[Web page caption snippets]
== == ==
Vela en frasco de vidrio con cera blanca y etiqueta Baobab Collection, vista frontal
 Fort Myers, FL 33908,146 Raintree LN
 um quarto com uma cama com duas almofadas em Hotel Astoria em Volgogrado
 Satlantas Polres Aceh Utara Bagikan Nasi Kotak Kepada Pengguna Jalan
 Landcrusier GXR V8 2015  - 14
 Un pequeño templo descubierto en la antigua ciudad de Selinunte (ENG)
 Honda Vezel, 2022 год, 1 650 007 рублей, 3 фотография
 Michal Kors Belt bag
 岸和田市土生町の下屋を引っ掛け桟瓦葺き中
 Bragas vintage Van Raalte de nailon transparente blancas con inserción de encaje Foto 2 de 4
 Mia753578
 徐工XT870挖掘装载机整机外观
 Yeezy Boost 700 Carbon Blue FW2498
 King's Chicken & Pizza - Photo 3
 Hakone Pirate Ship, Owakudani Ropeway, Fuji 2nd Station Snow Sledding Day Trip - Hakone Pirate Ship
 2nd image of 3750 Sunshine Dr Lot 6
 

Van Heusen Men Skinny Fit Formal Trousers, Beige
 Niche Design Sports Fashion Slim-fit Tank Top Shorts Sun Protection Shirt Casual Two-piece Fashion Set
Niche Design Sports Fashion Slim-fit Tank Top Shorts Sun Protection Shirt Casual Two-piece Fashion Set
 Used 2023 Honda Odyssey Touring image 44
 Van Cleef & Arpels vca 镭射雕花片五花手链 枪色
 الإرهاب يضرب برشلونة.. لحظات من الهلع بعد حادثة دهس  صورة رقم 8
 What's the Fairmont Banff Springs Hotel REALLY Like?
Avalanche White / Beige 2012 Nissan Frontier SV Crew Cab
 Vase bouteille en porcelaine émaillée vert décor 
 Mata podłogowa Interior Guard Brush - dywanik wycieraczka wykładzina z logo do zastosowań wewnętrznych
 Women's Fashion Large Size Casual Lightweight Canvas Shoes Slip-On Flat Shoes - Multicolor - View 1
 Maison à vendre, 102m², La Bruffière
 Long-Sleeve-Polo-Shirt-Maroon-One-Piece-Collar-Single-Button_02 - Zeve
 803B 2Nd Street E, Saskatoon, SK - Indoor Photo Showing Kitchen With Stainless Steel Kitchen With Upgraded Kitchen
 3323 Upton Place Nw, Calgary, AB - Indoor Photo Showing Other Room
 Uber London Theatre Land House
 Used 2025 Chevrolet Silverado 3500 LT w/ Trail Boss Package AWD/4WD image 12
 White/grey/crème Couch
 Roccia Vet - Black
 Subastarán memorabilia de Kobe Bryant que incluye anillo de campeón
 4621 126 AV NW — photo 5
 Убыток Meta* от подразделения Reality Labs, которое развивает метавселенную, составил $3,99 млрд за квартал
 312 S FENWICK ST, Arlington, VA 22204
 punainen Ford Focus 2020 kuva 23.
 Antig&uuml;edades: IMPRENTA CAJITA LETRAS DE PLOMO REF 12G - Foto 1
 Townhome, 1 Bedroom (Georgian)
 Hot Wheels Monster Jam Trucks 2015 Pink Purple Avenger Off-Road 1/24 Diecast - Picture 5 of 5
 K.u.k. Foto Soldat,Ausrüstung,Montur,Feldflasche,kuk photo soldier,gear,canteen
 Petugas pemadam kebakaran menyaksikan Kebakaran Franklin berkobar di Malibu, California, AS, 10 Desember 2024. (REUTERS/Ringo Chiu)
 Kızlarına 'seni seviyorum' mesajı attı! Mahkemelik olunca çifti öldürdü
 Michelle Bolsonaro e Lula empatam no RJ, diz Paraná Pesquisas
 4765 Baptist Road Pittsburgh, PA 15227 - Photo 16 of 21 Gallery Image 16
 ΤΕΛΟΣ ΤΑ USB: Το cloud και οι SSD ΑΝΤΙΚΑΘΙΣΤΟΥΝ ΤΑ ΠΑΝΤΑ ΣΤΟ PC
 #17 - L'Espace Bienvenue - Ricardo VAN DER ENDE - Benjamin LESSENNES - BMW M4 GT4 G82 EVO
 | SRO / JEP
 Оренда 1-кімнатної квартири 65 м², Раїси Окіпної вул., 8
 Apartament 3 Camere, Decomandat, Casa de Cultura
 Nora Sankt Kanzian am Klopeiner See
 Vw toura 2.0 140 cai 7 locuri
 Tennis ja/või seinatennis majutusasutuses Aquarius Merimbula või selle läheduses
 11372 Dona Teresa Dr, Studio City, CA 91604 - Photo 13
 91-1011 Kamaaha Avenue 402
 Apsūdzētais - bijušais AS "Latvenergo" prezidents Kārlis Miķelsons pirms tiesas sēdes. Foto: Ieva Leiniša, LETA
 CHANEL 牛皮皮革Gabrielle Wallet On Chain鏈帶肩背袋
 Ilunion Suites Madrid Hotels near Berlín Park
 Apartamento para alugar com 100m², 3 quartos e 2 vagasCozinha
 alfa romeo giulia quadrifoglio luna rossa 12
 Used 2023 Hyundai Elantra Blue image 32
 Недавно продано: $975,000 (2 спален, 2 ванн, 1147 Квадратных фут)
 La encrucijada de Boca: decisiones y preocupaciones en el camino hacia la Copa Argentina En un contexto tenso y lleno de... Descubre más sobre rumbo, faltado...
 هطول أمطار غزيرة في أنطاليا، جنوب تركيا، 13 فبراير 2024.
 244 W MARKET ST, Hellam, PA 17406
== == ==
**Exercise**
Your answer must be every record above, set down exactly as written.

**Solution to this task**
Vela en frasco de vidrio con cera blanca y etiqueta Baobab Collection, vista frontal
 Fort Myers, FL 33908,146 Raintree LN
 um quarto com uma cama com duas almofadas em Hotel Astoria em Volgogrado
 Satlantas Polres Aceh Utara Bagikan Nasi Kotak Kepada Pengguna Jalan
 Landcrusier GXR V8 2015  - 14
 Un pequeño templo descubierto en la antigua ciudad de Selinunte (ENG)
 Honda Vezel, 2022 год, 1 650 007 рублей, 3 фотография
 Michal Kors Belt bag
 岸和田市土生町の下屋を引っ掛け桟瓦葺き中
 Bragas vintage Van Raalte de nailon transparente blancas con inserción de encaje Foto 2 de 4
 Mia753578
 徐工XT870挖掘装载机整机外观
 Yeezy Boost 700 Carbon Blue FW2498
 King's Chicken & Pizza - Photo 3
 Hakone Pirate Ship, Owakudani Ropeway, Fuji 2nd Station Snow Sledding Day Trip - Hakone Pirate Ship
 2nd image of 3750 Sunshine Dr Lot 6
 

Van Heusen Men Skinny Fit Formal Trousers, Beige
 Niche Design Sports Fashion Slim-fit Tank Top Shorts Sun Protection Shirt Casual Two-piece Fashion Set
Niche Design Sports Fashion Slim-fit Tank Top Shorts Sun Protection Shirt Casual Two-piece Fashion Set
 Used 2023 Honda Odyssey Touring image 44
 Van Cleef & Arpels vca 镭射雕花片五花手链 枪色
 الإرهاب يضرب برشلونة.. لحظات من الهلع بعد حادثة دهس  صورة رقم 8
 What's the Fairmont Banff Springs Hotel REALLY Like?
Avalanche White / Beige 2012 Nissan Frontier SV Crew Cab
 Vase bouteille en porcelaine émaillée vert décor 
 Mata podłogowa Interior Guard Brush - dywanik wycieraczka wykładzina z logo do zastosowań wewnętrznych
 Women's Fashion Large Size Casual Lightweight Canvas Shoes Slip-On Flat Shoes - Multicolor - View 1
 Maison à vendre, 102m², La Bruffière
 Long-Sleeve-Polo-Shirt-Maroon-One-Piece-Collar-Single-Button_02 - Zeve
 803B 2Nd Street E, Saskatoon, SK - Indoor Photo Showing Kitchen With Stainless Steel Kitchen With Upgraded Kitchen
 3323 Upton Place Nw, Calgary, AB - Indoor Photo Showing Other Room
 Uber London Theatre Land House
 Used 2025 Chevrolet Silverado 3500 LT w/ Trail Boss Package AWD/4WD image 12
 White/grey/crème Couch
 Roccia Vet - Black
 Subastarán memorabilia de Kobe Bryant que incluye anillo de campeón
 4621 126 AV NW — photo 5
 Убыток Meta* от подразделения Reality Labs, которое развивает метавселенную, составил $3,99 млрд за квартал
 312 S FENWICK ST, Arlington, VA 22204
 punainen Ford Focus 2020 kuva 23.
 Antig&uuml;edades: IMPRENTA CAJITA LETRAS DE PLOMO REF 12G - Foto 1
 Townhome, 1 Bedroom (Georgian)
 Hot Wheels Monster Jam Trucks 2015 Pink Purple Avenger Off-Road 1/24 Diecast - Picture 5 of 5
 K.u.k. Foto Soldat,Ausrüstung,Montur,Feldflasche,kuk photo soldier,gear,canteen
 Petugas pemadam kebakaran menyaksikan Kebakaran Franklin berkobar di Malibu, California, AS, 10 Desember 2024. (REUTERS/Ringo Chiu)
 Kızlarına 'seni seviyorum' mesajı attı! Mahkemelik olunca çifti öldürdü
 Michelle Bolsonaro e Lula empatam no RJ, diz Paraná Pesquisas
 4765 Baptist Road Pittsburgh, PA 15227 - Photo 16 of 21 Gallery Image 16
 ΤΕΛΟΣ ΤΑ USB: Το cloud και οι SSD ΑΝΤΙΚΑΘΙΣΤΟΥΝ ΤΑ ΠΑΝΤΑ ΣΤΟ PC
 #17 - L'Espace Bienvenue - Ricardo VAN DER ENDE - Benjamin LESSENNES - BMW M4 GT4 G82 EVO
 | SRO / JEP
 Оренда 1-кімнатної квартири 65 м², Раїси Окіпної вул., 8
 Apartament 3 Camere, Decomandat, Casa de Cultura
 Nora Sankt Kanzian am Klopeiner See
 Vw toura 2.0 140 cai 7 locuri
 Tennis ja/või seinatennis majutusasutuses Aquarius Merimbula või selle läheduses
 11372 Dona Teresa Dr, Studio City, CA 91604 - Photo 13
 91-1011 Kamaaha Avenue 402
 Apsūdzētais - bijušais AS "Latvenergo" prezidents Kārlis Miķelsons pirms tiesas sēdes. Foto: Ieva Leiniša, LETA
 CHANEL 牛皮皮革Gabrielle Wallet On Chain鏈帶肩背袋
 Ilunion Suites Madrid Hotels near Berlín Park
 Apartamento para alugar com 100m², 3 quartos e 2 vagasCozinha
 alfa romeo giulia quadrifoglio luna rossa 12
 Used 2023 Hyundai Elantra Blue image 32
 Недавно продано: $975,000 (2 спален, 2 ванн, 1147 Квадратных фут)
 La encrucijada de Boca: decisiones y preocupaciones en el camino hacia la Copa Argentina En un contexto tenso y lleno de... Descubre más sobre rumbo, faltado...
 هطول أمطار غزيرة في أنطاليا، جنوب تركيا، 13 فبراير 2024.
 244 W MARKET ST, Hellam, PA 17406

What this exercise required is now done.